Problem — Records follow. Print exactly the lines from the one that has "8578 Veronawalk Cir – photo 1" through the one that has "今こそ福島県へ！心も体もリフ", inclusive, and omit the pictures.

Material shown —
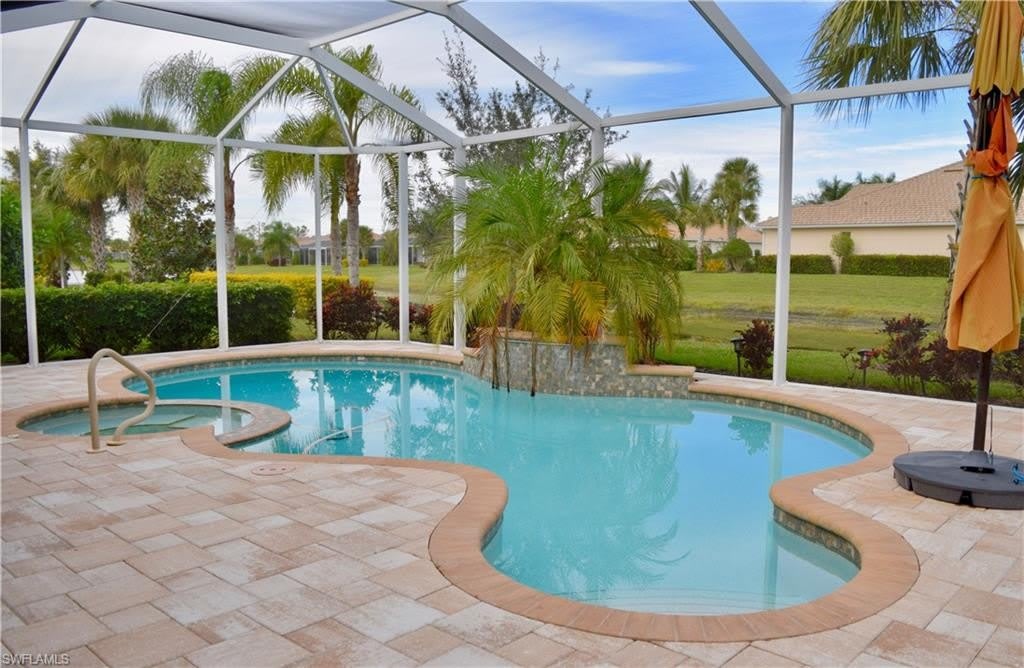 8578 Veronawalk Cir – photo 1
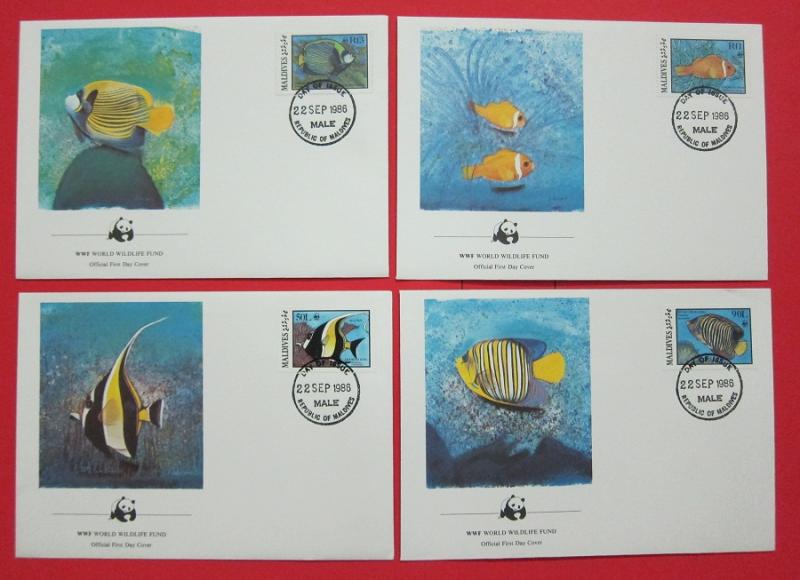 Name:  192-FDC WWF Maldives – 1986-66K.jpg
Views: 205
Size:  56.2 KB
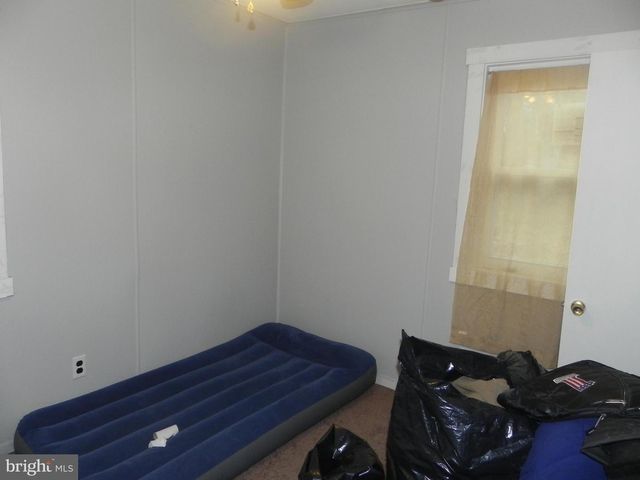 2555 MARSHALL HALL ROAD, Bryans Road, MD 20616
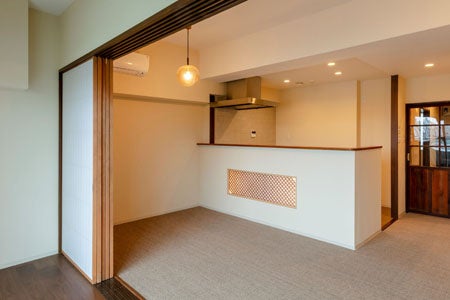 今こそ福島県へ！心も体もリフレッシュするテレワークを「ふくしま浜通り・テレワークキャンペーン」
==
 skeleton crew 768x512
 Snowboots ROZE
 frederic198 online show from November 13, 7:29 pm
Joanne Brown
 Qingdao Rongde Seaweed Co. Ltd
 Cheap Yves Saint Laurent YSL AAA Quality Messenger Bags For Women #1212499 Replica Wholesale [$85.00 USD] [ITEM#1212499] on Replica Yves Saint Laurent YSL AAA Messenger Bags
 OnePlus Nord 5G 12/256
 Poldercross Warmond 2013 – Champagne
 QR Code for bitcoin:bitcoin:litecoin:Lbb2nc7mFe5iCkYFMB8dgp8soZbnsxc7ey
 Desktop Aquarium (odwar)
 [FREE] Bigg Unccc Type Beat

Answer —
 8578 Veronawalk Cir – photo 1
 Name:  192-FDC WWF Maldives – 1986-66K.jpg
Views: 205
Size:  56.2 KB
 2555 MARSHALL HALL ROAD, Bryans Road, MD 20616
 今こそ福島県へ！心も体もリフレッシュするテレワークを「ふくしま浜通り・テレワークキャンペーン」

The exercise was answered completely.